心を鬼にして
松重美人さん
松重さんは、1941年(昭和16年)、芸備日日新聞社に入社しました。芸備日日新聞社が中国新聞社に吸収合併された後は写真部に所属し、1944年(昭和19年)以降は、中国軍管区司令部の報道班員も兼ねました。
松重さん(当時32歳)は翠町の自宅で被爆。被爆直後、勤務先の中国新聞社に向かうため、市街地に入ろうとしましたが、火災のため入ることができず、御幸橋まで引き返しました。報道カメラマンである松重さんは、御幸橋の惨状を撮影しようとしましたが、地獄のような光景を前に、なかなかシャッターを切ることができませんでした。その場所で30分以上葛藤した末、心を鬼にしてシャッターを切りましたが、「被災者を助けもせずに写真を写しているので、被災者は私のことを無慈悲に思ったのでは」という思いが残りました。
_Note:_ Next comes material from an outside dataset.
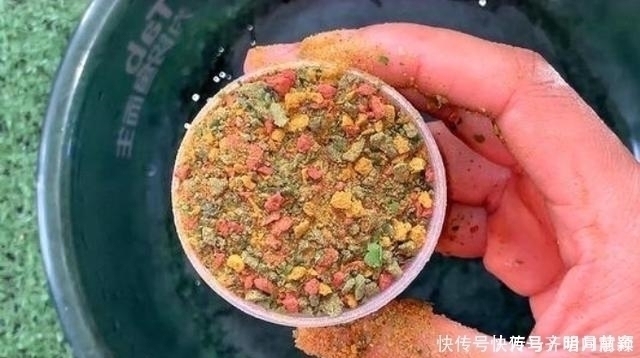 老司机|六月了，板鲫“狡猾”又难钓，多亏二十年老司机指点才钓过了瘾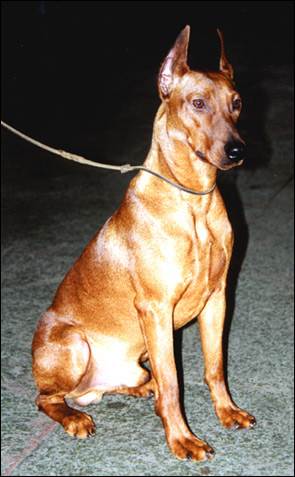 Немецкий пинчер, Фото фотография породы собак картинка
8月6日に松重さんが撮影した5枚の写真は、歴史の証人です。
1969年(昭和44年)、中国新聞社を定年退職後は、証言者として被爆体験を語り始めます。1978年(昭和53年)には、広島在住の原爆写真撮影者とその遺族で「広島原爆被災撮影者の会」を設立し、原爆被災写真の保存と整理に力を注ぎました。2005年(平成17年)死去。